The data Start Marker

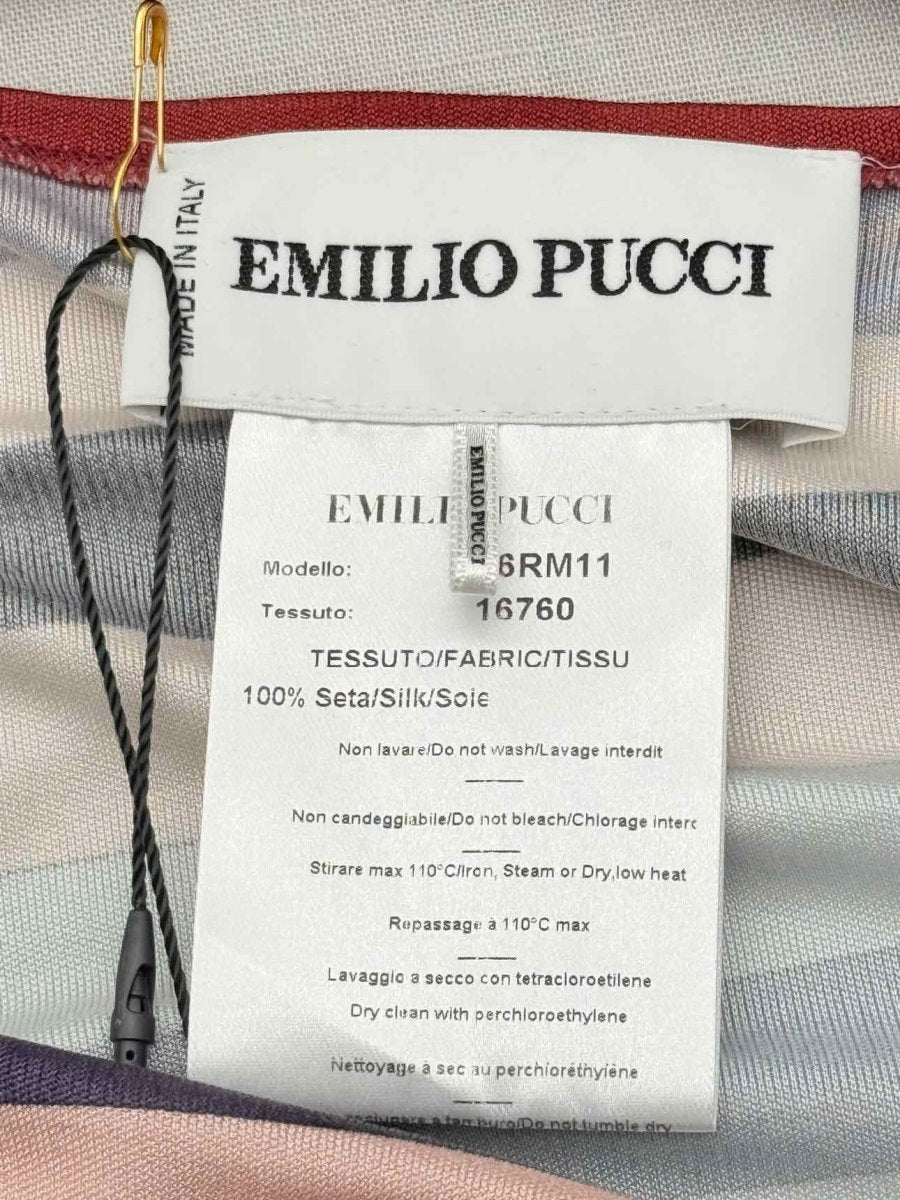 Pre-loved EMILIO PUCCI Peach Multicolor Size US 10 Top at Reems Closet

The data End Marker
The data Start Marker

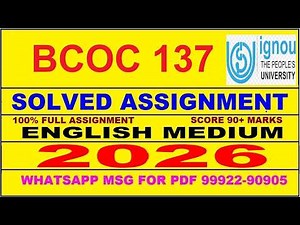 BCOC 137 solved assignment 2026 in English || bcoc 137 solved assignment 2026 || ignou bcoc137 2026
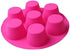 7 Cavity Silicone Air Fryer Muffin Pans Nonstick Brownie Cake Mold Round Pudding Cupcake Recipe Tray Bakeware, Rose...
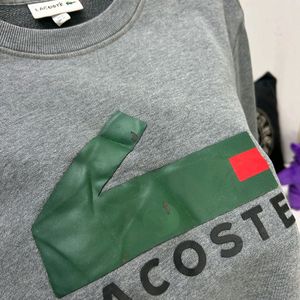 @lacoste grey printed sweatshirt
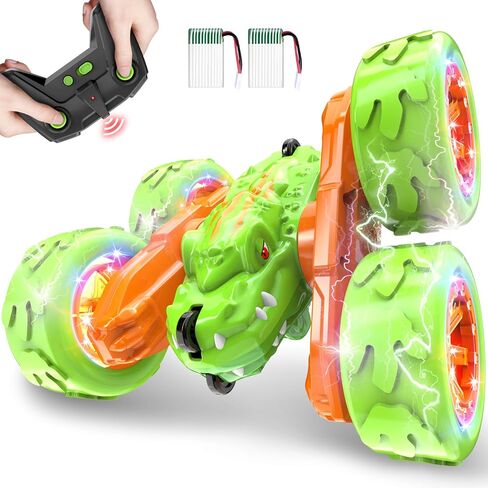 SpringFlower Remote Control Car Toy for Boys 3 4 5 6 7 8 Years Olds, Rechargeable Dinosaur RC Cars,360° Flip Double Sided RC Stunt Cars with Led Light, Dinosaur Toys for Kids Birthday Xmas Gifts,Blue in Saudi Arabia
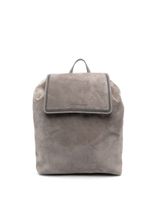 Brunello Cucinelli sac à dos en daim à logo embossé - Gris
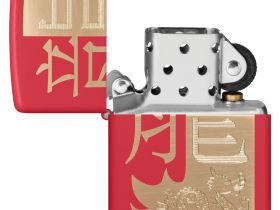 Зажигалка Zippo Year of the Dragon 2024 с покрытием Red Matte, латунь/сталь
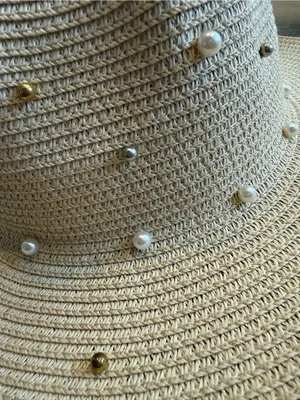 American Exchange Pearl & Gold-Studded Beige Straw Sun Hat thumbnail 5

The data End Marker
The data Start Marker

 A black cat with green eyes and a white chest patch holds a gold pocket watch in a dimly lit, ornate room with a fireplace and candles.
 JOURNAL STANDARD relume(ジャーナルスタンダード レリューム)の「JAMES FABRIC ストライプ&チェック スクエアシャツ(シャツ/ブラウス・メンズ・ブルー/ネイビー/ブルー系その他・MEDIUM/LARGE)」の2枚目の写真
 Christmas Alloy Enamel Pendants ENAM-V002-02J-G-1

The data End Marker

## [Work required]
Look through the listing above for the line with "Brunello Cucinelli sac" and the line with "American Exchange Pearl". Write out exactly those lines and everything between, leaving out pictures.

## [Reply to the exercise]
 Brunello Cucinelli sac à dos en daim à logo embossé - Gris
 Зажигалка Zippo Year of the Dragon 2024 с покрытием Red Matte, латунь/сталь
 American Exchange Pearl & Gold-Studded Beige Straw Sun Hat thumbnail 5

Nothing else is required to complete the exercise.